-- Your assignment --
Output, word for word, the line that contains "Minimalist Ceramic Designs." and all lines after it in the records below, omitting pictures.

-- Data to process --

----

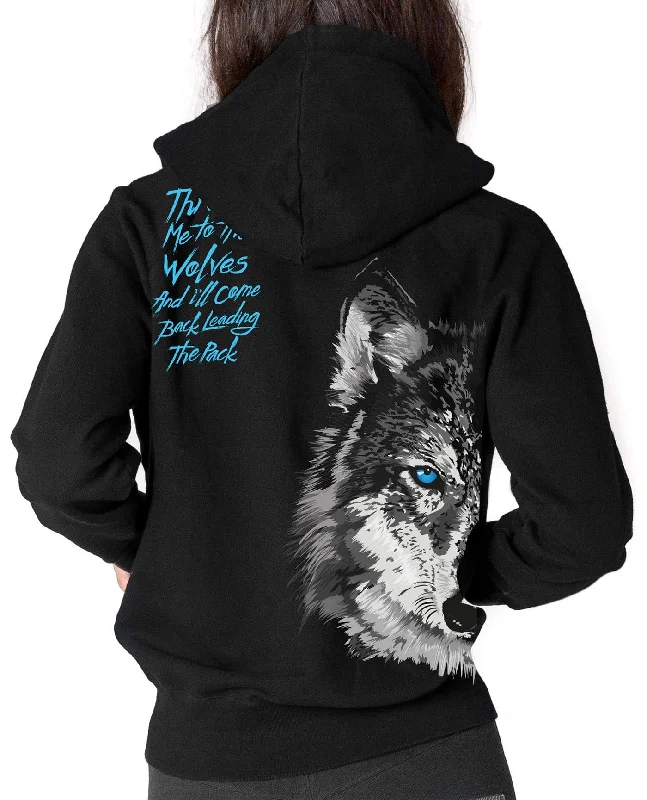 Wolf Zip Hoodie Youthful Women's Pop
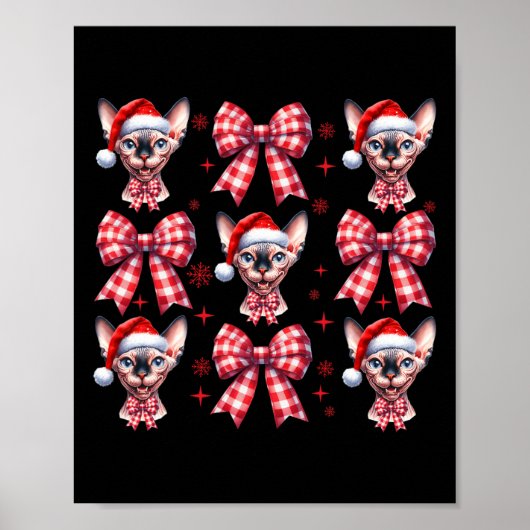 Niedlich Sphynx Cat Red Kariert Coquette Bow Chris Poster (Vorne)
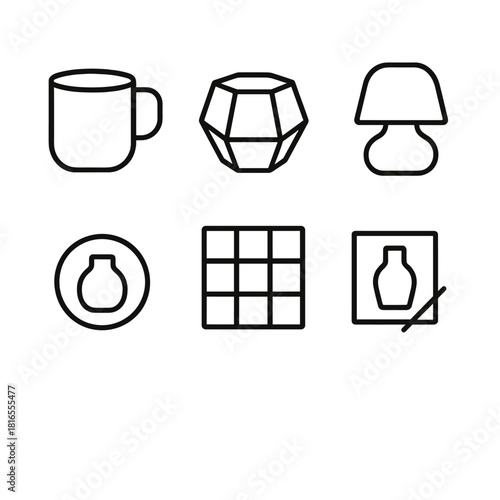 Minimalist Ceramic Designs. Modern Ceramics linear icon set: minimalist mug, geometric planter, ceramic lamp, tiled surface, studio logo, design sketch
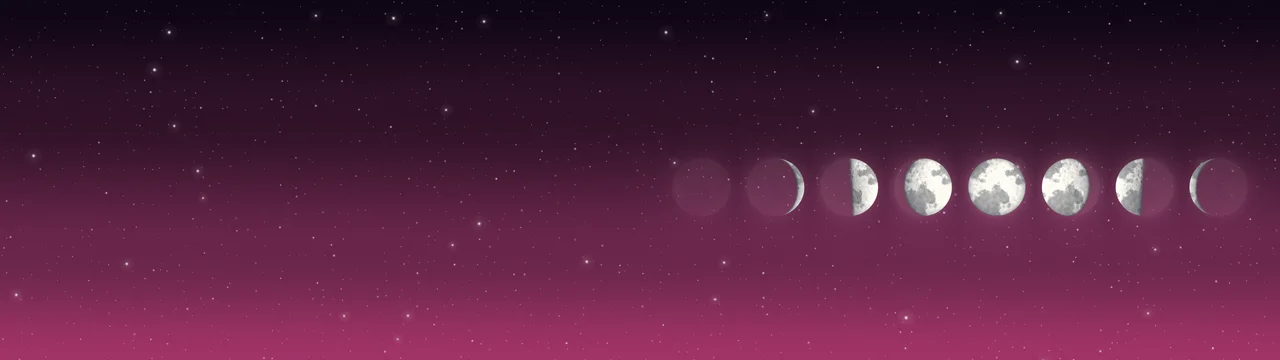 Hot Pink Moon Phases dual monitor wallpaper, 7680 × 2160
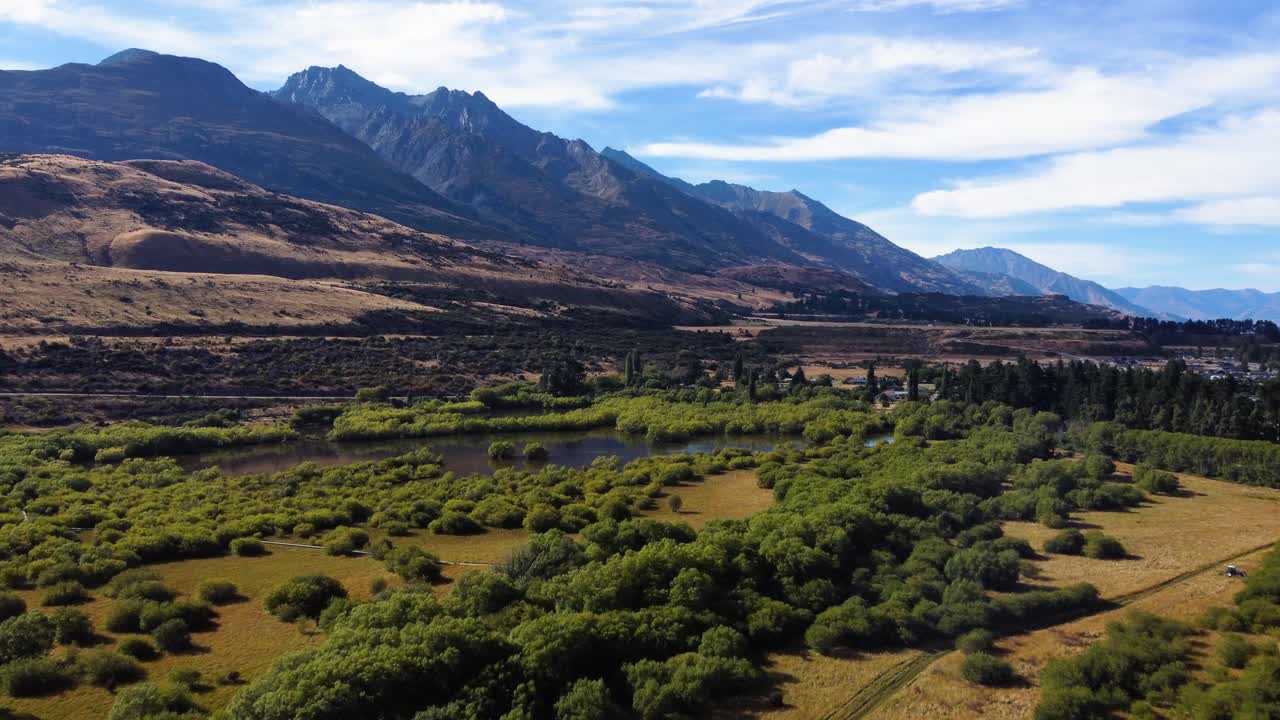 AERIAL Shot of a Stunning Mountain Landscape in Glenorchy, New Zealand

----

-- Worked solution --
 Minimalist Ceramic Designs. Modern Ceramics linear icon set: minimalist mug, geometric planter, ceramic lamp, tiled surface, studio logo, design sketch
 Hot Pink Moon Phases dual monitor wallpaper, 7680 × 2160
 AERIAL Shot of a Stunning Mountain Landscape in Glenorchy, New Zealand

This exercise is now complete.